株式会社ディー・エヌ・エー(DeNA)様 SSL-VPN アクセスゲートウェイ ArrayAGシリーズの導入事例やシステム構築例を紹介|システム構築やトータルソリューションをお探しなら、日立ソリューションズにお問い合わせください。

SSL-VPN アクセスゲートウェイ ArrayAGシリーズの導入事例

株式会社ディー・エヌ・エー(DeNA)様

Mac環境からのリモートアクセスと、“事業継続”を実現。

日本最大級のソーシャルゲームプラットフォーム「Mobage」「Yahoo! Mobage」、ゲーム「怪盗ロワイヤル」などを運営・提供し、さらには日本プロ野球界への参入を果たしたディー・エヌ・エー[DeNA]。
ArraySPXにより、Windowsマシンだけでなく、多数のエンジニアが使用するMacからのリモートアクセスと、震災発生により急務となった“事業継続”を実現した、SSL-VPNリプレースの事例です。
「ArraySPXシリーズ」は販売を終了しました。本機能は「ArrayAGシリーズ」で提供しています。

イメージ-「Mobage」、ゲーム「怪盗ロワイヤル」

この事例に関するソリューション・商品

従来からの課題

ログインできない、利用できない…、さらには管理負担まで増大。

Mobageをはじめ、大規模なサイト運営、コンテンツ提供を行うDeNA。社内には、主にこれらを担当するエンジニアのために、SSL-VPN製品を用いたリモートアクセス環境を構築していました。

「導入コストの安さを重視して選んだ製品でしたが、運用する中で、さまざまな面で問題が発生していました。

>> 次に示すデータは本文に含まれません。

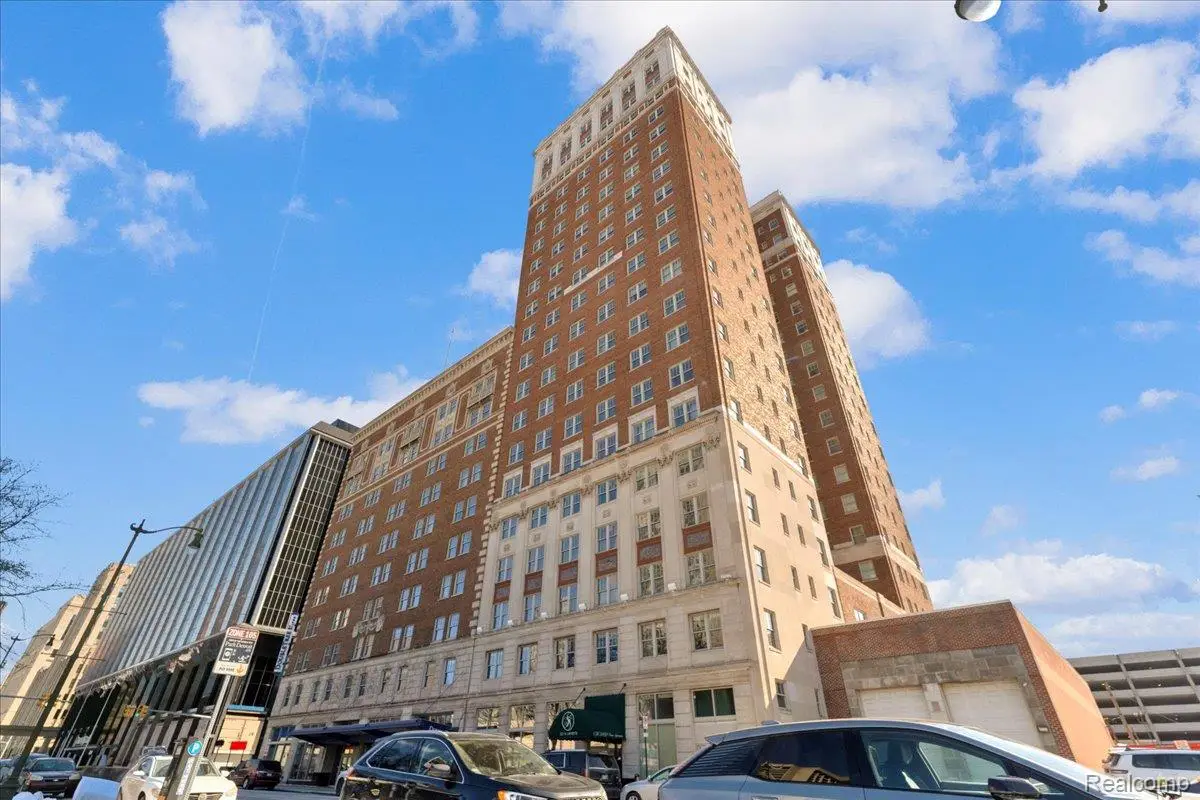 525 W Lafayette Boulevard #12E, Detroit, MI 48226 - Image #1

(清川氏)」

  • 過負荷が頻繁に起こり、利用できない状態が頻発。
    勤務時間外にサイトやコンテンツにトラブルが発生すると、担当エンジニアが遠隔地から復旧作業を実施。しかし、リモートアクセスは利用できない状態に陥ることが多く、対応が遅れがちになっていました。DeNAにとって致命的な問題になるため、各エンジニアからも早急な改善が求められていました。
  • 利用環境回復のため、24時間体制で対処。
    リモートアクセスが利用不可能になると、それが深夜であってもIT戦略室のスタッフに連絡が入り、対処しなければなりませんでした。遠隔操作でSSL-VPN製品の電源を強制的にOFFにし、再起動して回復していました。
  • Macでの利用に不具合が多発し、管理も煩雑化。
    Mac対応の仕様でありながら、利用環境ではフリーズが多発。再起動さえできない状態が多くありました。また、ログイン時のActive Directory連携によるセキュリティ認証も、Windowsマシンでの問題はなく、Macのみが不具合を発生。これを回避するため、Windowsマシン用とは別に、Mac用の運用ポリシーを設定しなければならず、管理が煩雑になっていました。
  • 2台→4台に増強したため、管理負担まで増大。
    ログインできない、利用できない…という最悪の状況を回避するため、SSL-VPN製品を4台に増強。しかし、一元管理できない仕様のため、管理負担も4台分に増大。設定変更等の手順書を作成し、使用していたものの、人為的な抜けや漏れが発生。また同一の手順で作業を施しても、各機器が異なる挙動を見せることがあり、困惑していました。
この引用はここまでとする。